Exercise goal » Give back exactly the lines from the "Lavenhorne Pebble reclining" line to the final line of the records, and only those, minus any pictures.

Stored items from a collection
==========
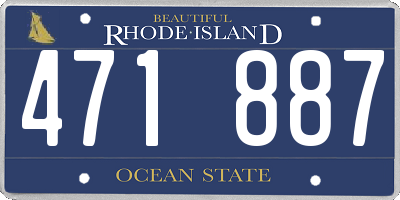 RI license plate 471887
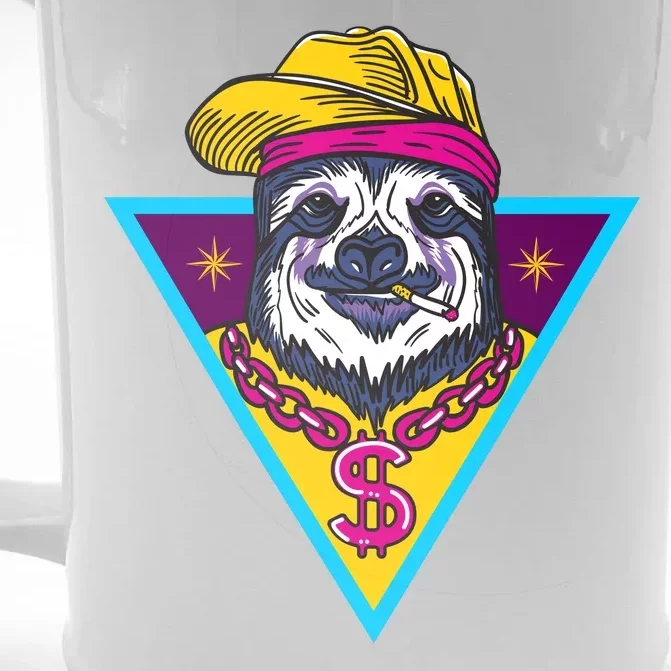 Gangsta Sloth Front & Back Beer Stein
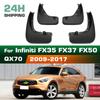 4PCS Splash Guards Mudguards Compatible with Infiniti FX35 FX37 FX50 QX70 2009 2010 2011 2012 2013 2014 2015 2016 2017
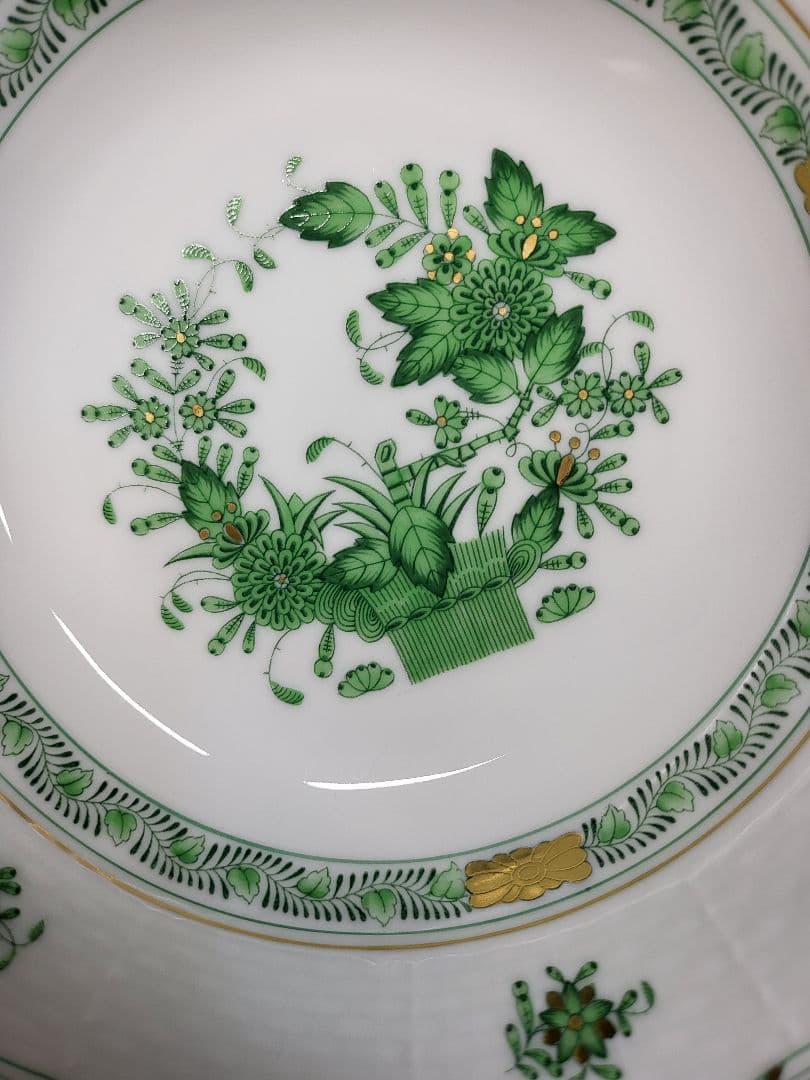 未使用近✨ヘレンド インドの華 プレート 深皿 サラダボウル シリアル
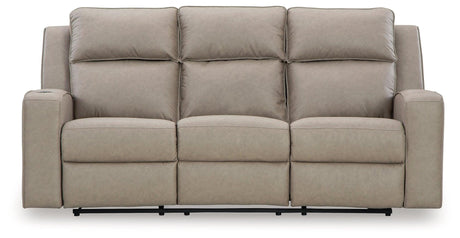 Lavenhorne Pebble reclining sofa head-on view
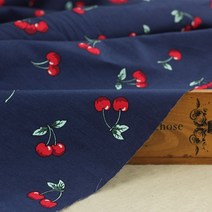 페브릭 옥삼 직물145x50cm 과일 면화 포플린 패브릭 DIY 홈 가구 어린이 의류 천으로 여름 드레스 치마 장, 01 black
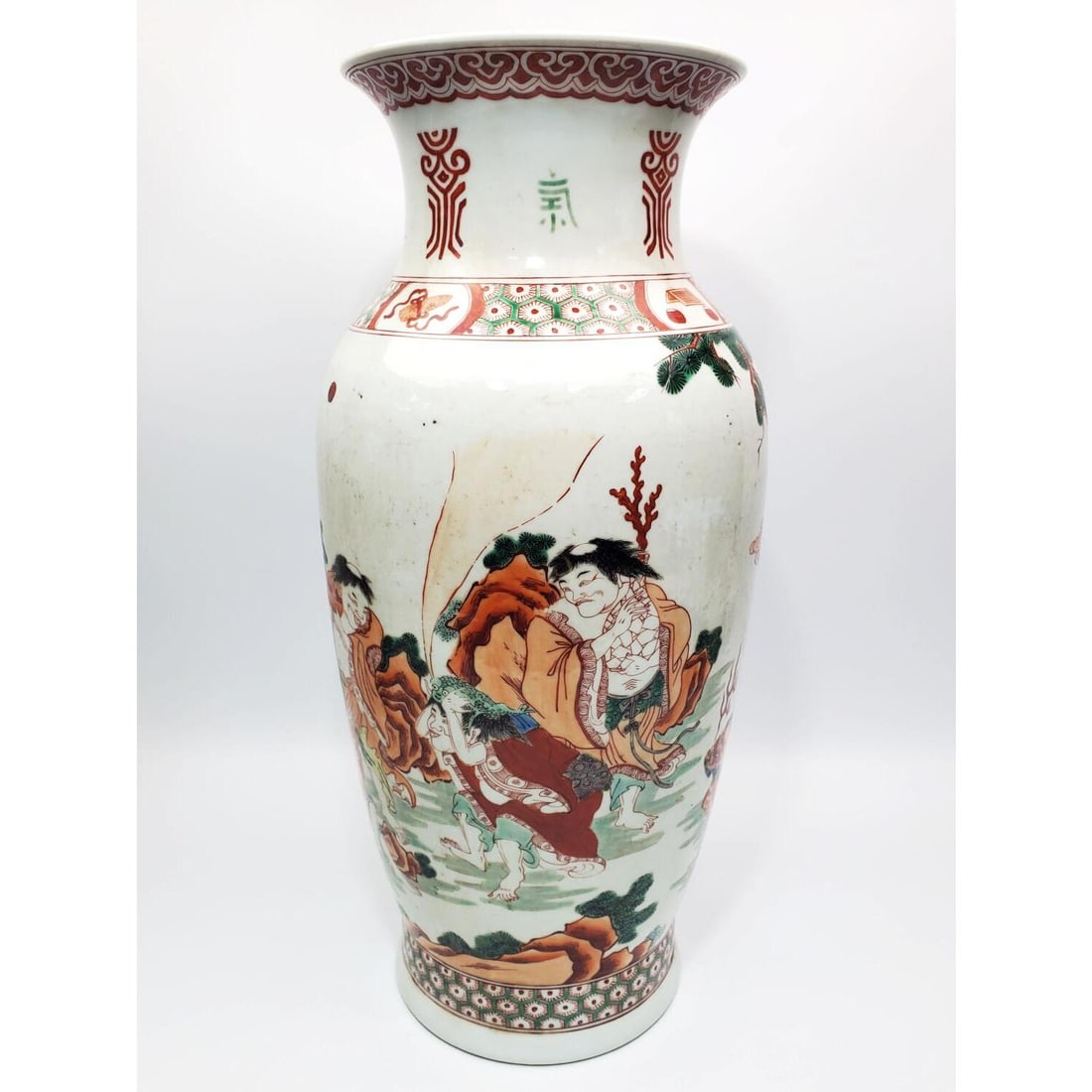 Chinese Large Hand Painted Signed Porcelain Vase (1 of 5)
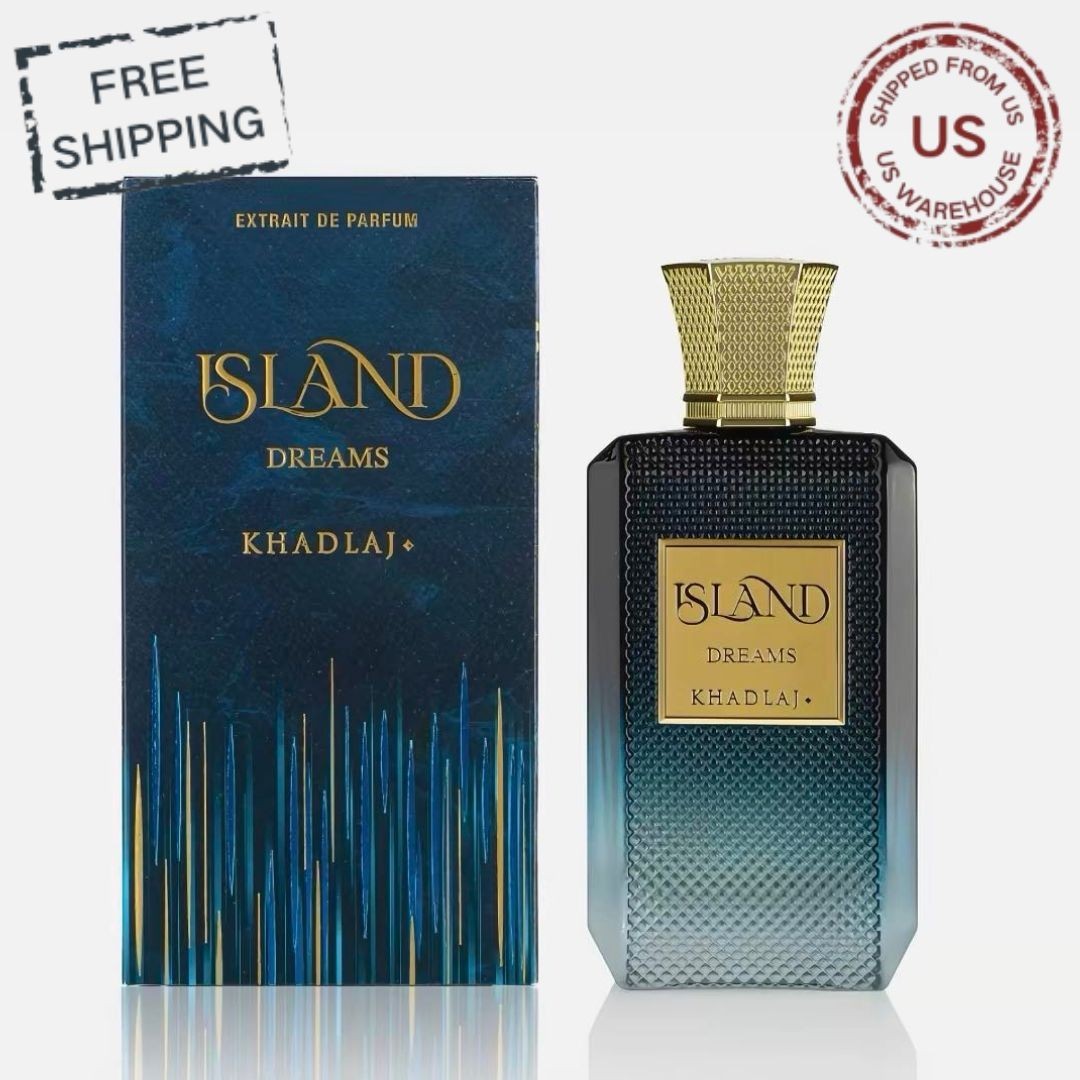 Khadlaj Island Dreams Extrait de Parfum 3.4oz 100ml Unisex Spray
==========
Task output »
 Lavenhorne Pebble reclining sofa head-on view
 페브릭 옥삼 직물145x50cm 과일 면화 포플린 패브릭 DIY 홈 가구 어린이 의류 천으로 여름 드레스 치마 장, 01 black
 Chinese Large Hand Painted Signed Porcelain Vase (1 of 5)
 Khadlaj Island Dreams Extrait de Parfum 3.4oz 100ml Unisex Spray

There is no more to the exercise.